Réalisation et scénario : John Ford
Date : 1962 / USA
Durée :123 mn
Acteurs principaux :
John Wayne (Tom Doniphon)
James Stewart (Ransom Stoddard)
Vera Miles (Hallie Erickson - Stoddard)
Lee Marvin (Liberty Valance)
Edmond O’Brian (Dutton Peabody)
Andy Devine (Marshall Link Appleyard)
Jeanette Nolan (Nora Ericson)
John Qualen (Peter Erikson)
A/SA/HA
Mots-clés : violence – loi – légende – Illusion– civilisation
- Un sénateur aux temps argentées, Ransom Stoddard, et sa distinguée épouse, Hallie, descendent du train à Shinbone, une petite bourgade perdue de l’Ouest des Etats-Unis. Ils vont rendre hommage à un obscur cowboy dont le cercueil de planches, en attente de mise en terre, jouxte une vieille diligence couverte de poussière. Le journaliste local, averti, exige des explications de la part du Sénateur. Après un temps d’hésitation, le Sénateur raconte l’histoire de Tom Doniphon…
Ce western, l’avant-dernier dans la carrière de John Ford, tourné en noir et blanc, avec des scènes de nuit prédominantes, est lourd de mélancolie et d’amertume. L’Ouest, dépeint avec une virtuosité inégalée par Ford, s’efface devant le Nouveau Monde. Le cheval a été remplacé par le train, les colts par la Loi. L’aventure par le progrès. La fin d’un Monde.

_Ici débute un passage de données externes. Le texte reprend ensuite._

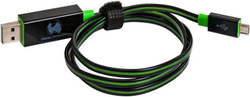 Fotoja e Kabllo Realpower USB-A - microUSB, 0.75m, e gjelbër/ e zezë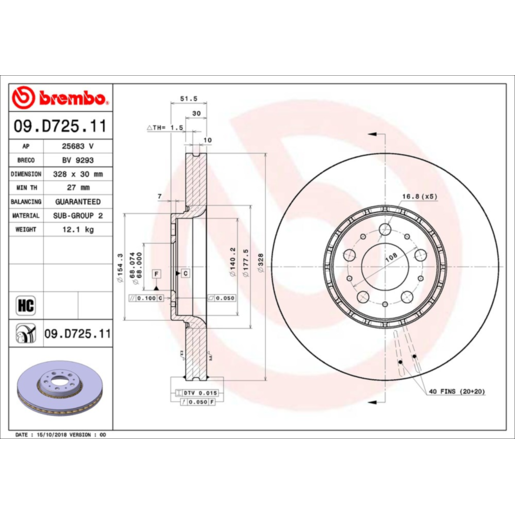 Brembo Disc Brake Rotor Front - 09.D725.11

Ce film ne se raconte pas. Il est fait pour être vu et revu… y compris sous l’angle de la problématique alcoolique.
Illusions et réalités
Ford a été de tous les réalisateurs celui qui a su construire la légende de la naissance des Etats-Unis, en évitant les stéréotypes propres à un genre, tant les personnages, les anecdotes et les histoires rapportées semblent uniques et vraies. Il a donné une mémoire au peuple américain comme un Franck Capra a réussi à dessiner le portrait mythique de la Démocratie américaine. Ses films font partie des références symboliques des Temps Modernes, au-delà des frontières états-uniennes. Le récit en flashback et le cadrage des scènes atteignent une perfection peu égalée.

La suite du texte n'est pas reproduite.